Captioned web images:
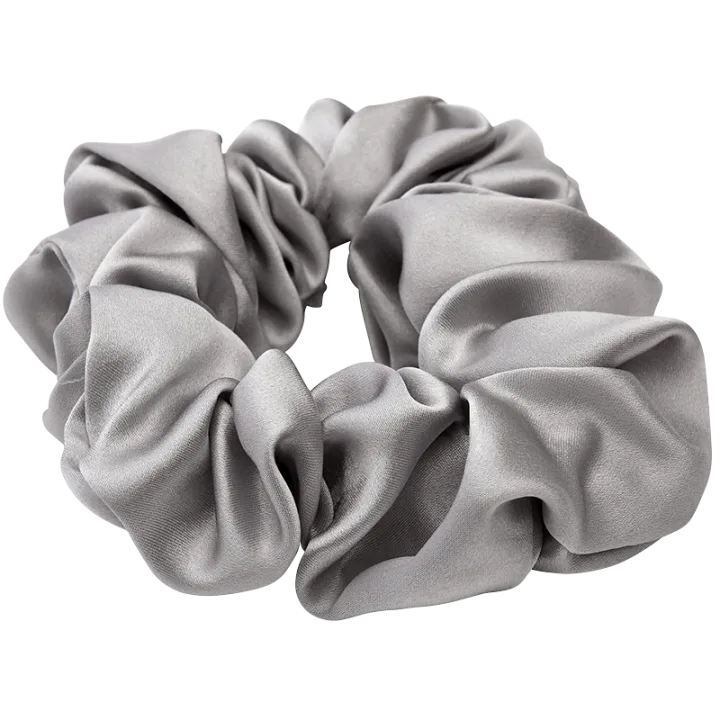 Lenoites Mulberry Silk Scrunchie Grey Lenoites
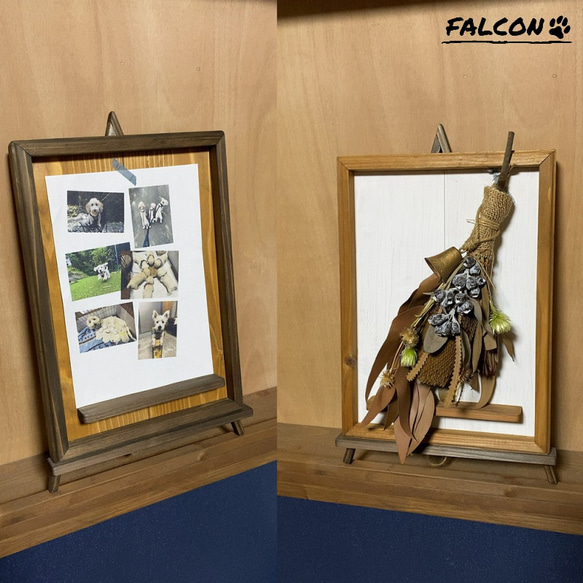 [工房FALCON] 木製掲示板イーゼルタイプ　ホワイト&オークカラーver. 7枚目の画像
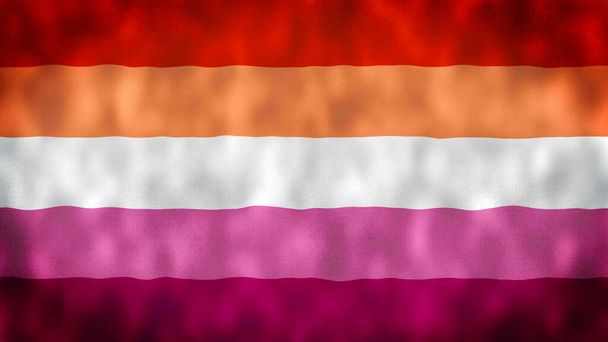 オレンジピンクの旗のイラストの5本縞の変種。プライド旗イラスト. - 写真・画像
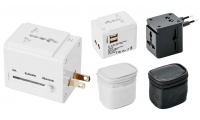 Adaptador de viagem com 2 entradas usb e bolsa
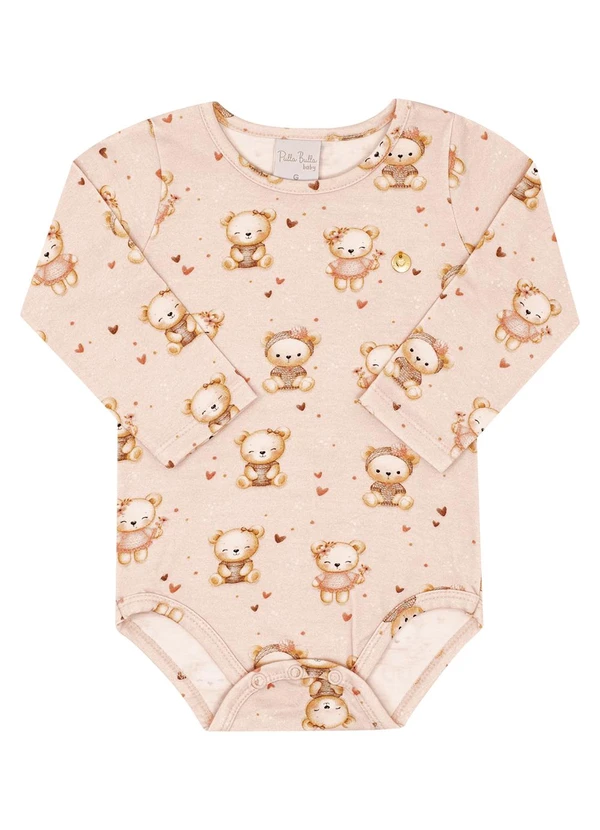 Pulla Bulla - Body Bebe Menina Cotton Leve Rosa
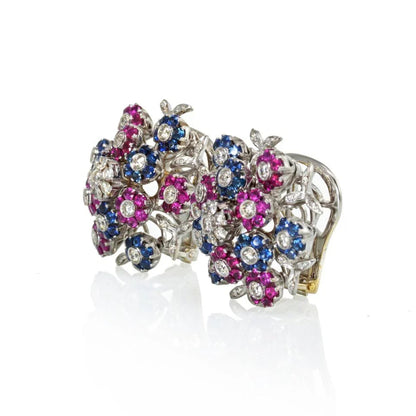 Carthttier Tremblant 18K White Gold Diamond, Sapphire and Ruby Clip-On Earrings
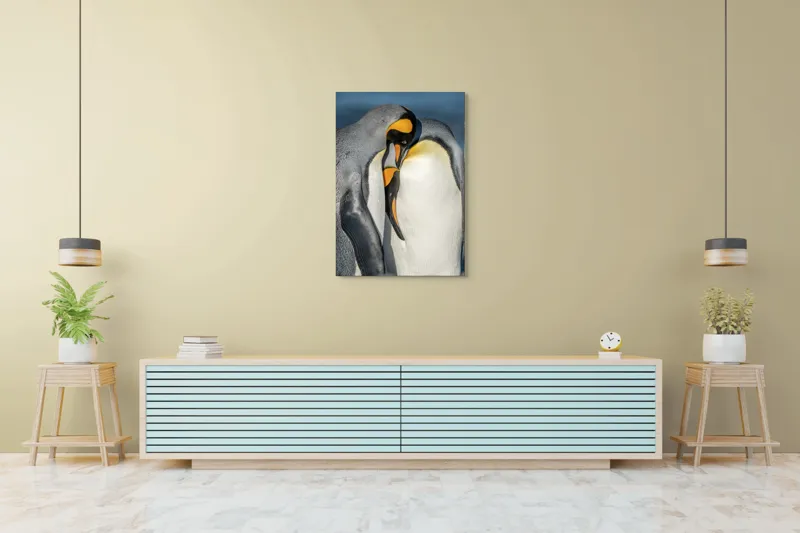 Tablou Canvas, "Îmbrățișarea pinguinilor împărătești", Penguins, Tenderness, Connection, Intimacy, Nature, Affection, 70 x 100 cm – poza 5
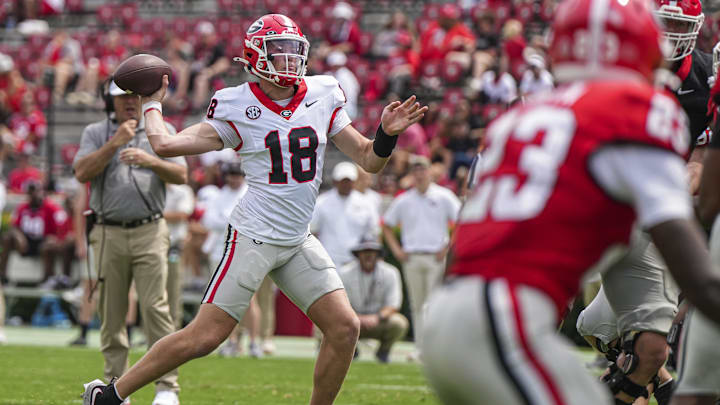 Apr 18, 2026; Athens, GA, USA; Georgia Bulldogs quarterback Bryson Beaver (18) passes the ball during the Georgia Spring football game at Sanford Stadium. Mandatory Credit: Dale Zanine-Imagn Images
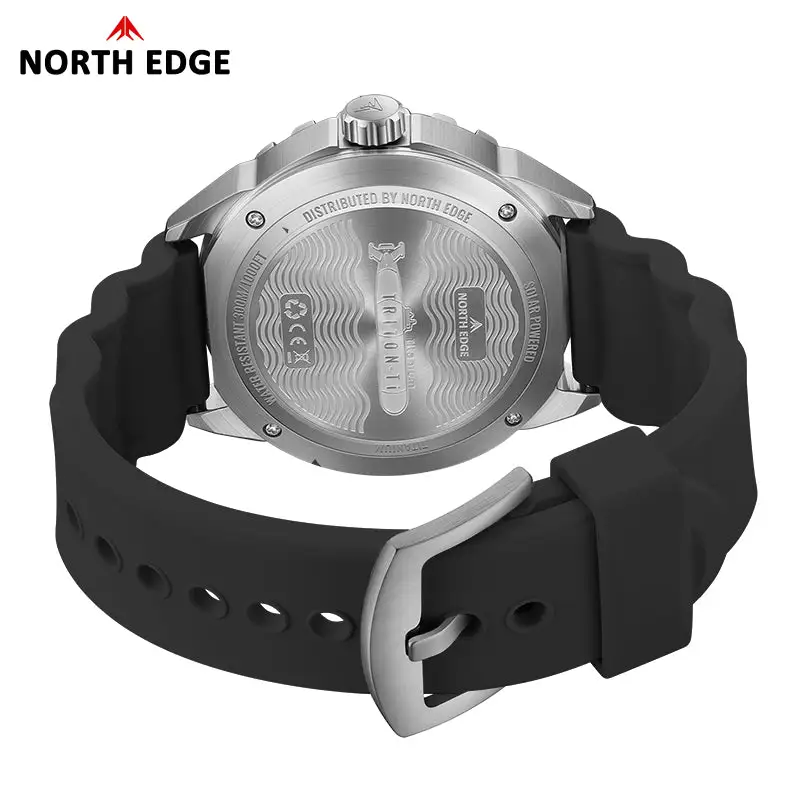 North Edge Titanium Lightweight Solar Dive Watch TRITON-TI- Never needs a battery replacement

Task: Your answer must be the records above, word for word, with no pictures.

Exercise output:
 Lenoites Mulberry Silk Scrunchie Grey Lenoites
 [工房FALCON] 木製掲示板イーゼルタイプ　ホワイト&オークカラーver. 7枚目の画像
 オレンジピンクの旗のイラストの5本縞の変種。プライド旗イラスト. - 写真・画像
 Adaptador de viagem com 2 entradas usb e bolsa
 Pulla Bulla - Body Bebe Menina Cotton Leve Rosa
 Carthttier Tremblant 18K White Gold Diamond, Sapphire and Ruby Clip-On Earrings
 Tablou Canvas, "Îmbrățișarea pinguinilor împărătești", Penguins, Tenderness, Connection, Intimacy, Nature, Affection, 70 x 100 cm – poza 5
 Apr 18, 2026; Athens, GA, USA; Georgia Bulldogs quarterback Bryson Beaver (18) passes the ball during the Georgia Spring football game at Sanford Stadium. Mandatory Credit: Dale Zanine-Imagn Images
 North Edge Titanium Lightweight Solar Dive Watch TRITON-TI- Never needs a battery replacement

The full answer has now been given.